Information theoretic interpretation of Stirling's formula I am looking for an interpretation of Stirling's formula using information theory.
Suppose you have $n$ different objects and $n$ different labels. There are $n!$ different ways of assigning the labels to the objects, provided that no two different objects get assigned the same label. The corresponding entropy is thus $\log_2(n!)$.
This entropy is less than or equal to the sum of the entropies of each object. Fixing an object, there are $n$ possible labels, each occurring with equal probability. So each object has entropy $\log_2(n)$.
We thus get $\log_2(n!) \leq n\log_2(n)$.
My question is how to get the next term in Stirling's formula ($-n\log_2(e)$) at least intuitively, and using information theory, when $n$ is large?

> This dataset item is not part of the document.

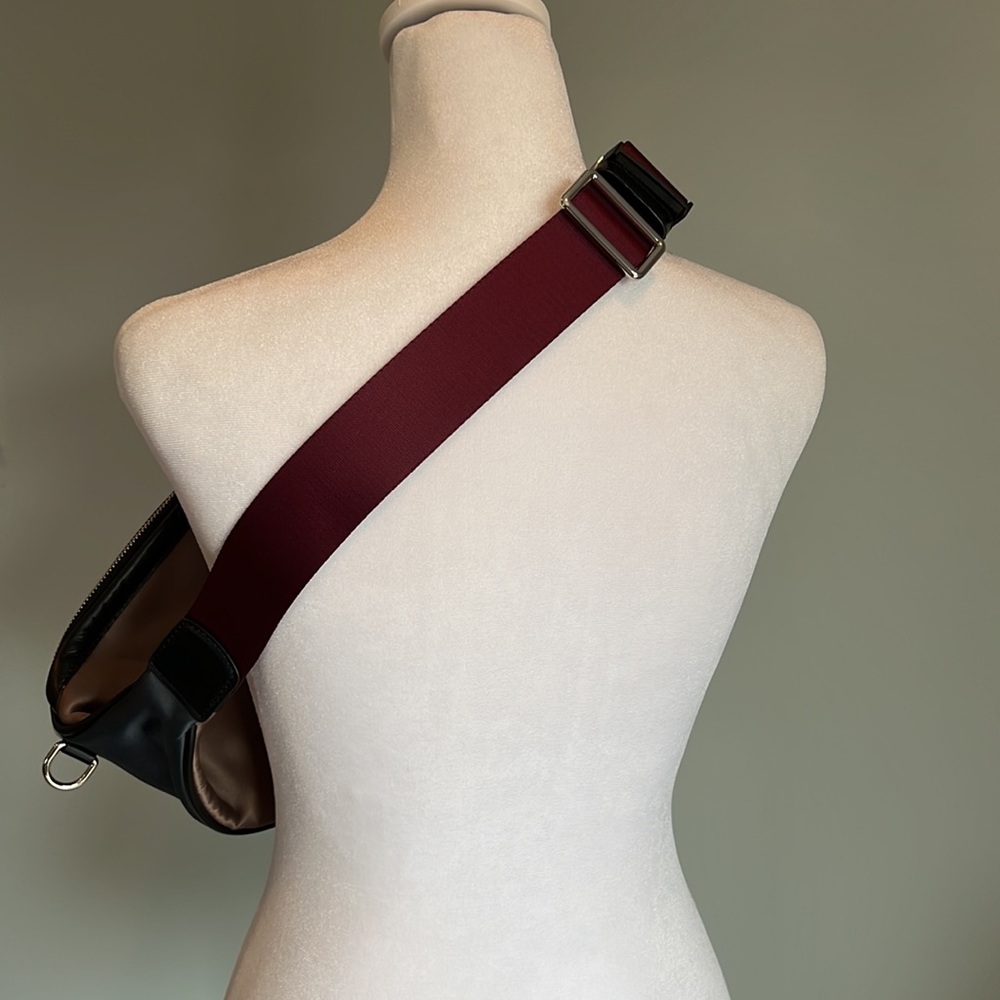 Marc Jacobs sport fanny pack. Approx. 8”x12”. NWOT - Picture 2 of 4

 A: Just for fun: it is enough to exploit the prime number theorem $\pi(n)\sim\frac{n}{\log n}$. Legendre's theorem on $\nu_p(n!)$ ensures
$$ n! = \prod_{p\leq n} p^{\lfloor\frac{n}{p}\rfloor+\lfloor\frac{n}{p^2}\rfloor+\ldots}\leq \prod_{p\leq n}p^{\frac{n}{p-1}} $$
which is a rather crude bound, but already sufficient:
$$ \log(n!) \leq n\sum_{p\leq n}\frac{\log(p)}{p-1}=n\sum_{m\leq n}\mathbb{1}_p(m)\frac{\log m}{m-1}\stackrel{\text{SBP}}{=}\underbrace{n\pi(n)\frac{\log n}{n-1}}_{O(n)}+n\sum_{m\leq n-1}\pi(m)\left[\frac{\log m}{m-1}-\frac{\log(m+1)}{m}\right].$$
Here $\mathbb{1}_p$ is the characteristic function of primes, $\pi$ is the prime-counting function and $\text{SBP}$ stands for summation by parts. In the last sum the main term behaves like $\frac{1}{m}+O\left(\frac{\log m}{m^2}\right)$, hence 
$$\log(n!) = O(n)+n\sum_{m\leq n-1}\frac{1}{m} =n\log(n)+O(n).$$
Of course this is extreme cheating: historically speaking, weak forms of the PNT were derived from the asymptotics for $n!$ or $\binom{2n}{n}$, while here we performed just the opposite. A more elementary approach is to consider that
$$ \frac{4^n}{\sqrt{n+1}}<\binom{2n}{n}=\frac{(2n)!}{n!^2}<4^n $$
where the inequality on the right is trivial and the inequality on the left follows from $\binom{2n}{n}=\sum_{k=0}^{n}\binom{n}{k}^2$ and Cauchy-Schwarz. By the theory of moments, the previous inequality holds for non-integer values of $n$, too, so by letting $L(n)=\log(n!)$ we have
$$ L(n)-2 L(n/2) < n\log(2), $$
$$ 2L(n/2)- 4L(n/4) < n\log(2), $$
$$ 4L(n/4)- 8 L(n/8) < n\log(2), $$
$$ \ldots $$
and
$$ L(n) - 2^k L\left(\frac{n}{2^k}\right) \leq kn\log(2). $$
By picking $k\approx \log_2(n)=\frac{\log(n)}{\log(2)}$ the claim $L(n)\sim n\log n$ is proved.